Oct. 29 — A bill was passed by the US House of Representatives with bipartisan support, including bipartisan sponsorship, and all three West Virginia representatives voted in favor.

Is it a trick or a treat?

The Strengthening America’s Strategic National Stockpile Act (HR 3635) was first introduced by Representative Elissa Slotkin, D-Mich., And Representative David McKinley, RW.Va., later signed as co-sponsor. The national strategic stockpile, as described by the Department of Health and Human Services, is part of the “federal medical response infrastructure and can complement the medical countermeasures required by states, tribal nations, territories and to larger metropolitan areas during public health emergencies The supplies, drugs and life-saving devices contained in the stockpile can be used as a short-term interim buffer when the immediate supply of these materials may not be available or enough. ”Think about personal protective equipment, ventilators, vaccines and medications.

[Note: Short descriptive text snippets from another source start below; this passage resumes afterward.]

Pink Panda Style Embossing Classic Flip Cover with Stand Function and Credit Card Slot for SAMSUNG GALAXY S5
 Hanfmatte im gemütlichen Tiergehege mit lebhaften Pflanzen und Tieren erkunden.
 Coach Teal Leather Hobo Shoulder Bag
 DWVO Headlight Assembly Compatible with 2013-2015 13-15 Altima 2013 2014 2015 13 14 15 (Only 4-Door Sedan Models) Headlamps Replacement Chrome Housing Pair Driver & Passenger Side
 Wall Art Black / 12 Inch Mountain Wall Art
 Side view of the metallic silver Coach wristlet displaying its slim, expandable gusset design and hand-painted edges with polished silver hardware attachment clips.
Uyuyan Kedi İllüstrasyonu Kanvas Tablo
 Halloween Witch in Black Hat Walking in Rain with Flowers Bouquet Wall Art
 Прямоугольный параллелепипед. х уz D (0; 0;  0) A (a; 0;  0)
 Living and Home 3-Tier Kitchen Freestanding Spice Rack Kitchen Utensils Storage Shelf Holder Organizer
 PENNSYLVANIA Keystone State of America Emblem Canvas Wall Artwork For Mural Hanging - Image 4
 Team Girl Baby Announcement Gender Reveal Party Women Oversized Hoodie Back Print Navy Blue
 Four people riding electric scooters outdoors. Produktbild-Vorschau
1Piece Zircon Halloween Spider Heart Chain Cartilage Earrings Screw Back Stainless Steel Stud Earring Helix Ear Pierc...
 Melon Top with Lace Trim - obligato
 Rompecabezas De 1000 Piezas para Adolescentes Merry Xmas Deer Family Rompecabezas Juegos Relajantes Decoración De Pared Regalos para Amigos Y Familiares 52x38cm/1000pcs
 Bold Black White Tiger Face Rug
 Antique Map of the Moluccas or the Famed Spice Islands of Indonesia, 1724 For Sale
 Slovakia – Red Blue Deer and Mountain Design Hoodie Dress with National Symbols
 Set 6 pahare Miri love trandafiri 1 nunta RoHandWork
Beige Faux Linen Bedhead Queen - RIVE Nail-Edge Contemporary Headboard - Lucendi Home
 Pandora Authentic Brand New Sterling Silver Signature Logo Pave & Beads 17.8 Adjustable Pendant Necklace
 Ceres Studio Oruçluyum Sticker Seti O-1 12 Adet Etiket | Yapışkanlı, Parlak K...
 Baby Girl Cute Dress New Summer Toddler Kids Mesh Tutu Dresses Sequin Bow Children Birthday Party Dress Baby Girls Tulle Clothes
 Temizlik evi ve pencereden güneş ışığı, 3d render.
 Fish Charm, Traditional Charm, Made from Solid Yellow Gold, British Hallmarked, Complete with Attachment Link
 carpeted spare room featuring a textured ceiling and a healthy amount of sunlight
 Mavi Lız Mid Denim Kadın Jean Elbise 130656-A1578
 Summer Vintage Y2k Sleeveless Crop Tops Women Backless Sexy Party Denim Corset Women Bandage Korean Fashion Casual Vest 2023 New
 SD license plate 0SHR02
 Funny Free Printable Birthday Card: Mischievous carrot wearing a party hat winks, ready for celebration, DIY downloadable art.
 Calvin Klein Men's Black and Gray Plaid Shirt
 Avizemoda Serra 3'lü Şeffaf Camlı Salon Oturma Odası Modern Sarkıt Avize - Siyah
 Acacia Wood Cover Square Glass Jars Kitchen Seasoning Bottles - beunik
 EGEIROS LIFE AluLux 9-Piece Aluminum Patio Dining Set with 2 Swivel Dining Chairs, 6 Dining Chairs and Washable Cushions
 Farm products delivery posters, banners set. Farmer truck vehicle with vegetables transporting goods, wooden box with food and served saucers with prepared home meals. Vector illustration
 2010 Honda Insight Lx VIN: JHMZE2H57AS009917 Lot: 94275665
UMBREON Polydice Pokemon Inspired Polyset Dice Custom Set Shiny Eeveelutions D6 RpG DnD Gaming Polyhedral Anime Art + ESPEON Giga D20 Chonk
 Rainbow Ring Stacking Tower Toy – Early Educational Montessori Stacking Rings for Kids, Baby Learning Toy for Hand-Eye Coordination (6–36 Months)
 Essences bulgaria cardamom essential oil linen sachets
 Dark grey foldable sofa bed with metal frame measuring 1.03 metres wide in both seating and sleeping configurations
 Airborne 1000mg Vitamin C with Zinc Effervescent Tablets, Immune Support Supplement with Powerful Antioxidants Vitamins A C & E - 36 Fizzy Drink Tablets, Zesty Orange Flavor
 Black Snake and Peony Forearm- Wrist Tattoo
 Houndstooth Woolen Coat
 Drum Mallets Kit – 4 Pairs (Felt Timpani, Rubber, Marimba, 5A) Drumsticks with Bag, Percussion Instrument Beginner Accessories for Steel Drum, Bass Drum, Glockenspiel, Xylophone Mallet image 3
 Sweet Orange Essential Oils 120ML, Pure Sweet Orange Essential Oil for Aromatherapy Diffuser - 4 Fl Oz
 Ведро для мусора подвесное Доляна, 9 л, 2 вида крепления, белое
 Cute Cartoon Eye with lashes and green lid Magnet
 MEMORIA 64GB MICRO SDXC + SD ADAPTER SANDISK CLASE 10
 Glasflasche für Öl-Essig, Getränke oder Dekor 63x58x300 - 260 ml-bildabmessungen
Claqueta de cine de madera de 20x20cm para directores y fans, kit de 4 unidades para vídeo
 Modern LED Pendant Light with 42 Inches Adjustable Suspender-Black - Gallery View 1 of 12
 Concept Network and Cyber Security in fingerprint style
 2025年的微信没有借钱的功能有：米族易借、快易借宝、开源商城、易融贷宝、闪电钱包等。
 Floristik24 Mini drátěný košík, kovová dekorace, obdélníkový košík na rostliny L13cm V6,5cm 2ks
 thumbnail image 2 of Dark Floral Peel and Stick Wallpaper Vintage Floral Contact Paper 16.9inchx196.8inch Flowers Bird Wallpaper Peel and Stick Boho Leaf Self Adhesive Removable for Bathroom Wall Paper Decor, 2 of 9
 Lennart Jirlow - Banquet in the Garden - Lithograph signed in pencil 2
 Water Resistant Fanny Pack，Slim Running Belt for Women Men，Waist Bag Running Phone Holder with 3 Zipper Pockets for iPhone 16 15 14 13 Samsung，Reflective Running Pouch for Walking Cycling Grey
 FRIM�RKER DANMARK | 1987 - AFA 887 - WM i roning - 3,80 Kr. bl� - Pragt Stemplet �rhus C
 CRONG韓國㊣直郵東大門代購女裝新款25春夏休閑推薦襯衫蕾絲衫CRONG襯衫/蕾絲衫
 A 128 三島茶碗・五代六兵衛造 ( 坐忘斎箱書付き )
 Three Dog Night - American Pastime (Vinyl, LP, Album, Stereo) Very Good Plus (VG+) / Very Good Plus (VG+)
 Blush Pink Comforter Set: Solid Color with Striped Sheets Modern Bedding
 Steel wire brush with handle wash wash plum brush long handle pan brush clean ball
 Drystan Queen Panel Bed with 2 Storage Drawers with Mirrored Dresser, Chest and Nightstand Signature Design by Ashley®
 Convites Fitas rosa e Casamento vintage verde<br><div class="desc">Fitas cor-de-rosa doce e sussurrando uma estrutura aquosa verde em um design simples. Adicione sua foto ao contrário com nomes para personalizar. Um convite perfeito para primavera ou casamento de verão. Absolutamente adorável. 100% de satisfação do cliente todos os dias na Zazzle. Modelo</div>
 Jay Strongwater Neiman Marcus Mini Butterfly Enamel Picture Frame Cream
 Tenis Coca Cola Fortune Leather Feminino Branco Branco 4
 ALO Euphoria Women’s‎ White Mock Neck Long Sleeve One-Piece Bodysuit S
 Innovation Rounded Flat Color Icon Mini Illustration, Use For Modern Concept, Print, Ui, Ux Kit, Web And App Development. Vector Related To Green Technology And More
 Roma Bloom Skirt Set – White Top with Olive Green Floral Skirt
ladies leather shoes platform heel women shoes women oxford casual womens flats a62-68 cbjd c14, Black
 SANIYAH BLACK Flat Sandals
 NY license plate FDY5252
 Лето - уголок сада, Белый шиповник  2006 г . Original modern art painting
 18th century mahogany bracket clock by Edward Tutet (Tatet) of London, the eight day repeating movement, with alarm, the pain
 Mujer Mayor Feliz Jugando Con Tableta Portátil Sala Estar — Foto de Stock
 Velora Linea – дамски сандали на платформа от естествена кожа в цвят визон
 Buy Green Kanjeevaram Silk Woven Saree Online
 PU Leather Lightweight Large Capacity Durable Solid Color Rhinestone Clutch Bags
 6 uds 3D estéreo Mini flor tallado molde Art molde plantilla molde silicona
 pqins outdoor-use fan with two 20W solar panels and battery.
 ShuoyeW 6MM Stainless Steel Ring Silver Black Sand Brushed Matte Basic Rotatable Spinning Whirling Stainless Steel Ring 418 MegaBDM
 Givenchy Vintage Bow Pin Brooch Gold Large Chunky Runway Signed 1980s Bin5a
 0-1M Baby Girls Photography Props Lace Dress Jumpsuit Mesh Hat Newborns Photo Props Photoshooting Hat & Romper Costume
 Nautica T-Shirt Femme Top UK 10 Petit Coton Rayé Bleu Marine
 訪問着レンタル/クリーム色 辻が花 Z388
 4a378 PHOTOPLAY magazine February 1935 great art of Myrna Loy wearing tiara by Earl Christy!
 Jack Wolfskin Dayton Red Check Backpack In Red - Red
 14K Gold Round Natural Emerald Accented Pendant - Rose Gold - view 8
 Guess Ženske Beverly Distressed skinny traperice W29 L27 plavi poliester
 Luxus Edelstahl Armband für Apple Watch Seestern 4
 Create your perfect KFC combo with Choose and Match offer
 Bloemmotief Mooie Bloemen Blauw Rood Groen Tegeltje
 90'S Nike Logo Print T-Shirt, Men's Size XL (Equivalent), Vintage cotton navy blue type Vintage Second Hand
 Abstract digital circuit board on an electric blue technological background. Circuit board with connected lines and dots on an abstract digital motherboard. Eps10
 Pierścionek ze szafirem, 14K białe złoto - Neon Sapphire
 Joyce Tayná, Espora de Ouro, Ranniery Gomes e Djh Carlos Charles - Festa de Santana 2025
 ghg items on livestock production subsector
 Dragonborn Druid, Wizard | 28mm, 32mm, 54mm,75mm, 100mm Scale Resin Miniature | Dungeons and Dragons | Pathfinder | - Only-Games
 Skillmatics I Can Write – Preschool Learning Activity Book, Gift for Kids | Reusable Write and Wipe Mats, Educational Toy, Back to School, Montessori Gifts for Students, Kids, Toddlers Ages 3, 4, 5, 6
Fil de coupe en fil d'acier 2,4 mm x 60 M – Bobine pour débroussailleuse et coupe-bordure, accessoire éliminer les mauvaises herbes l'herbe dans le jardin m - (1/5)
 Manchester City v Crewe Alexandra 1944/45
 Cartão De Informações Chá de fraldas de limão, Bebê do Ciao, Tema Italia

If that rings a bell, it’s because the SNS was a frequent topic of conversation when the pandemic started. In March 2020, the former president repeatedly claimed to have received an “empty shelf” from the previous administration. The SNS was far from ’empty’, but it wasn’t enough to tackle the burgeoning COVID-19 pandemic on its own, and there were arguments over how and how much to distribute the supplies. from the SNS to the States.

HR 3635 sets out guidelines for maintaining the SNS and distributing product to states and localities until September 2024. Arguably the three most important aspects of the bill are the requirements to replenish the stock (whatever is withdrawn must be replaced in equal measure), maintain stock (regular maintenance of equipment, do not distribute expired products) and “improve the elasticity of the medical supply chain and establish and maintain national reserves of essential medical supplies “.

McKinley said, “This legislation will not only make America safer and better prepared for future emergencies, it will strengthen American manufacturing and create good jobs.”

HR 3635 addresses a major supply chain issue. At the start of the pandemic, America’s healthcare systems faced a massive shortage, as most of the necessary supplies and equipment came from China. With the shutdown of international travel and trade to slow the transmission of the coronavirus, many healthcare workers have found themselves empty-handed.

The HR 3635 must now be replicated on a larger scale. The shortage of medical supplies is fresh on our minds because of the pandemic, but similar shortages are impacting various industries, most for the same reason: almost everything in America comes from elsewhere.

While there can be one bipartisan deal to boost domestic manufacturing of medical supplies, another can certainly be struck to boost domestic manufacturing across the spectrum. No one can argue that the pandemic has exposed the ways that outsourcing has hurt America, and no one can deny that even in a global economy, the United States must be self-sufficient when it comes to the essential. The key will be to strike a balance between corporate profits and living wages for workers.